EXERCISE INPUTS -
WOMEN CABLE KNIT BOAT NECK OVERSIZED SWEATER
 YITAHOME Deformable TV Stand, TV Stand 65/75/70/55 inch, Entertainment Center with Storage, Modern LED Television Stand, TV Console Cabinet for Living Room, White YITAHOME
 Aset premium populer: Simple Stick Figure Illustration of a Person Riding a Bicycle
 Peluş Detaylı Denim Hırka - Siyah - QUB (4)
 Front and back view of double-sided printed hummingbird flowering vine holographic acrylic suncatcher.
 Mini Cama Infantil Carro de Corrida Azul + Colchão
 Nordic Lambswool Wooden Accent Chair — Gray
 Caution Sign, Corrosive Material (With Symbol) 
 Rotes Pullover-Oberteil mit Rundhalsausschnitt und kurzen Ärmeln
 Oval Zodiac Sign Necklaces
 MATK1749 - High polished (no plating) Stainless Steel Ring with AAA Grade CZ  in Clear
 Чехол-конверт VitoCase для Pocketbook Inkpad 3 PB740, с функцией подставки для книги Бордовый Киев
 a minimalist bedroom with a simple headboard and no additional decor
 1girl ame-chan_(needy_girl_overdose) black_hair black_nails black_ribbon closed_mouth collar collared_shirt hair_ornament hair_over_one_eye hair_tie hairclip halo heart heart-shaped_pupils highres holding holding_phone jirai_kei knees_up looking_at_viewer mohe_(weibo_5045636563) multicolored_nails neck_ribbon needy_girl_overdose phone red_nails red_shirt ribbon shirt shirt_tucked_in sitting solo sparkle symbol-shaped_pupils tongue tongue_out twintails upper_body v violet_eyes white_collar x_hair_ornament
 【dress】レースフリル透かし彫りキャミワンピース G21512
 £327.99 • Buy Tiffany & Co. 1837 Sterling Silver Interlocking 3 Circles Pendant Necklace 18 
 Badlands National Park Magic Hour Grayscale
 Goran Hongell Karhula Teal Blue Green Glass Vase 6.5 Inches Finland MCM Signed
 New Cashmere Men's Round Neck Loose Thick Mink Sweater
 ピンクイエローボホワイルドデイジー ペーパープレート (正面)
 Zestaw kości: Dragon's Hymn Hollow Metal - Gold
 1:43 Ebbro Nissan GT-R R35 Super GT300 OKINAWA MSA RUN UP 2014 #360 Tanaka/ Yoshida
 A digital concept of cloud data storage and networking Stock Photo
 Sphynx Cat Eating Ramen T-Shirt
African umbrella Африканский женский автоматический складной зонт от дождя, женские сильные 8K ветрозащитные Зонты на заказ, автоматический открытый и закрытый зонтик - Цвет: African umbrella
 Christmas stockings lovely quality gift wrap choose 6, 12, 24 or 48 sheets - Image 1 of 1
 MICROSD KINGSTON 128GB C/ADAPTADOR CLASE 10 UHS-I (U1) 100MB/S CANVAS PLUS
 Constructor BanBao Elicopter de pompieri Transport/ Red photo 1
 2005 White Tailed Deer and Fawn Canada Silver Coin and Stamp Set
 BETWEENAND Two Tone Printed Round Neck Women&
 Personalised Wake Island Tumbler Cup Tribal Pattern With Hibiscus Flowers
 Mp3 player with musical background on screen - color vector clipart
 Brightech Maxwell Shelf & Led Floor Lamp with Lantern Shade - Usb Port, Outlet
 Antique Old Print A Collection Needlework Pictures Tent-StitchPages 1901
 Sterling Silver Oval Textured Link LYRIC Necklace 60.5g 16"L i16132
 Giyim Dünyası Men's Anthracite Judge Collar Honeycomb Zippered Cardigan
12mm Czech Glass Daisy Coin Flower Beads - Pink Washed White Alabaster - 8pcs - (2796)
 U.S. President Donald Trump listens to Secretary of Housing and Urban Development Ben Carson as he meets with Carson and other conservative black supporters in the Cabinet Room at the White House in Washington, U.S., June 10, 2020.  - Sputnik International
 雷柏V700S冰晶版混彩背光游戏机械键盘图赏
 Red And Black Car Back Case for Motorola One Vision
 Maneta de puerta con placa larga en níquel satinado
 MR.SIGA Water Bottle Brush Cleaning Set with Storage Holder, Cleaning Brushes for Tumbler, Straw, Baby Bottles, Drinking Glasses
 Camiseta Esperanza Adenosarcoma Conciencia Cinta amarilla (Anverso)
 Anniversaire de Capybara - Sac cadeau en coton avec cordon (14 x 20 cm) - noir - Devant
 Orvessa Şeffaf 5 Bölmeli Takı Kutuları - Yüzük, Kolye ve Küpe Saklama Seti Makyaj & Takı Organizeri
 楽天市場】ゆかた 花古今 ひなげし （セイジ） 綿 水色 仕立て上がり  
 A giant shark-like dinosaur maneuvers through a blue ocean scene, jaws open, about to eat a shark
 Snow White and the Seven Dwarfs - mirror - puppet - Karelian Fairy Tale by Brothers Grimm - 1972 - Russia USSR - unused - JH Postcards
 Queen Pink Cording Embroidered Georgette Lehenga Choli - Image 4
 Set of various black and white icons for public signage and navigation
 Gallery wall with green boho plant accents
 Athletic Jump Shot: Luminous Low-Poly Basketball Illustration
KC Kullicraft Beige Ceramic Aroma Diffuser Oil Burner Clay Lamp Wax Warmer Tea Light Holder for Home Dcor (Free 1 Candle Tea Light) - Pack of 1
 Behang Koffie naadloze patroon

WORK TO COMPLETE -
Scan the material above. Extract every line in which the word "Tumbler" occurs.

TASK RESPONSE -
 Personalised Wake Island Tumbler Cup Tribal Pattern With Hibiscus Flowers
 MR.SIGA Water Bottle Brush Cleaning Set with Storage Holder, Cleaning Brushes for Tumbler, Straw, Baby Bottles, Drinking Glasses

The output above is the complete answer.